Abel Tesfaye, noto come The Weeknd, tenta con il nuovo disco, Starboy, di togliersi di dosso quello che rimane del successo commerciale di Beauty Behind The Madness.
Il disco è stato anticipato, oltre al singolo omonimo — prodotto da niente meno che i robot francesi e pionieri della house music Daft Punk — e False Alarm, da un cortometraggio lungo 12 minuti, un “visual piece”: M A N I A. Lo shortpiece ci fa entrare nella dimensione del disco, un atmosfera di confidenza auto-distruttiva che porta l’artista ad essere perennemente in conflitto con se stesso: da una parte il successo commerciale e i privilegi che ne derivano, dall’altro la consapevolezza di doversi piegare all’industria del mainstream pop (“I just won a new award for a kids show/Talking ‘bout a face numbing off a bag a blow/I’m like goddamn, bitch, I am not a Teen Choice”, da Reminder)
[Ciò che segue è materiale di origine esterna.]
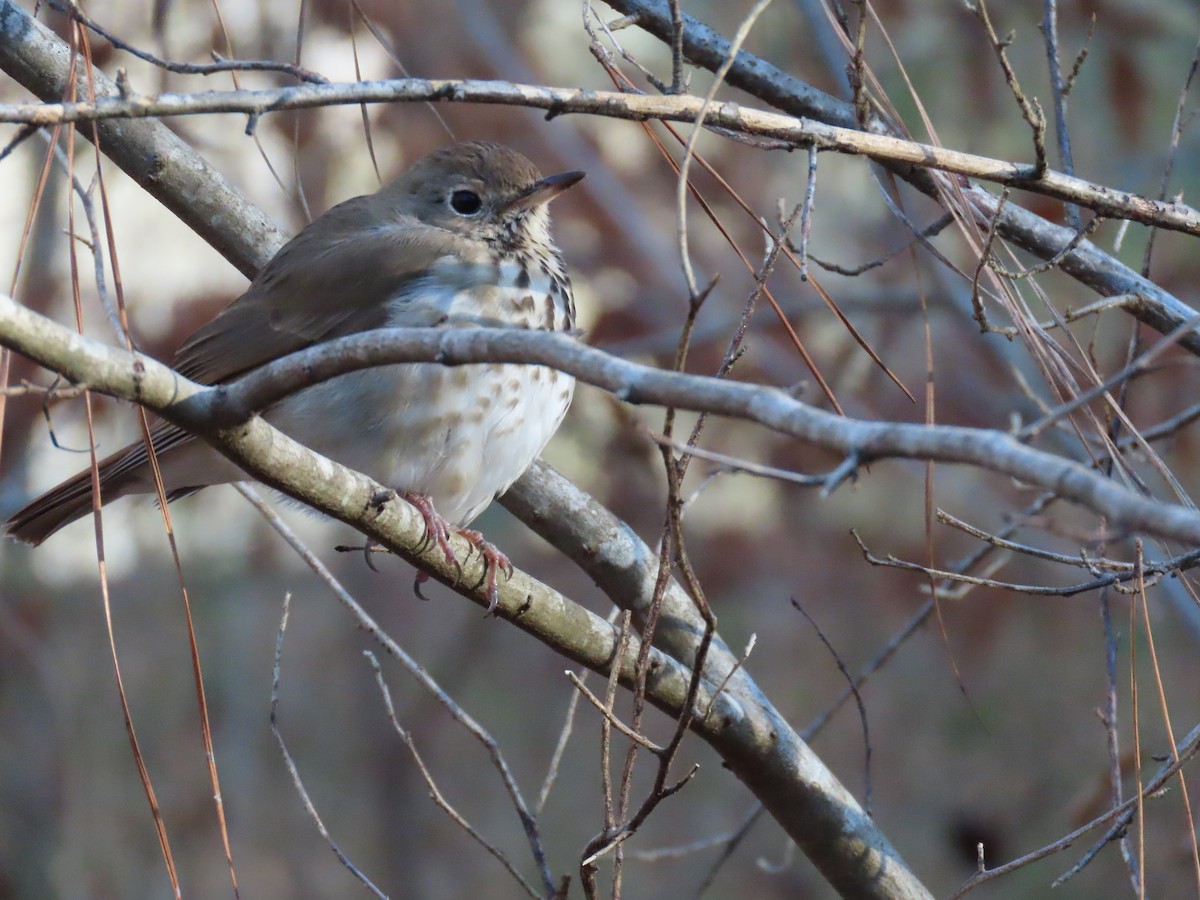 Hermit Thrush - ML646753053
L’album è lungo 18 canzoni, forse troppe. La prima metà del disco è ottima, i brani si susseguono l’uno dopo l’altro senza annoiare o risultare ripetitivi, ma dopo Sidewalks — brano dove Kendrick Lamar figura come featured artist, e nel quale contribuisce con uno dei suoi versi più interessanti degli ultimi mesi — l’intero progetto subisce un crollo di intensità e il materiale risulta quasi banale e già sentito; come in Six Feet Under, che ricorda non poco 6 INCH, la collaborazione con Beyoncé all’ultimo album della cantante.
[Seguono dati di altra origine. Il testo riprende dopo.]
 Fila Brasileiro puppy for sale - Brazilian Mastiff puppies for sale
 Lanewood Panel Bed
Lo stile è più che mai vario in questo nuovo album, passando infatti dalle tipiche sonorità di The Weeknd, legate all’RnB, a quelle più funk di I Feel It Coming (altra produzione dei Daft Punk), arrivando alle atmosfere, ormai imperanti nel mondo del pop, di un nostalgico fetish per gli anni ‘80 (Secrets) e a pezzi dancefloor-ready, come Rockin’ , influenzati da una certa house inglese molto vicina ad artisti come i Disclosure.
Starboy è sicuramente il lavoro più lungimirante di The Weeknd prodotto finora, ma uscire dalla propria confort zone non dà sempre i risultati sperati: quando riesce, Tesfaye porta sul disco dei pezzi quasi perfetti, ballabili ma allo stesso tempo inconsueti per il pubblico al quale si rivolge. Non è un disco perfetto, ma i featuring di Daft Punk, Lana Del Rey, Kendrick Lamar e Future, il cortometraggio e il concetto generale che viene proposto pongono Starboy come uno fra gli essenziali album pop del 2016.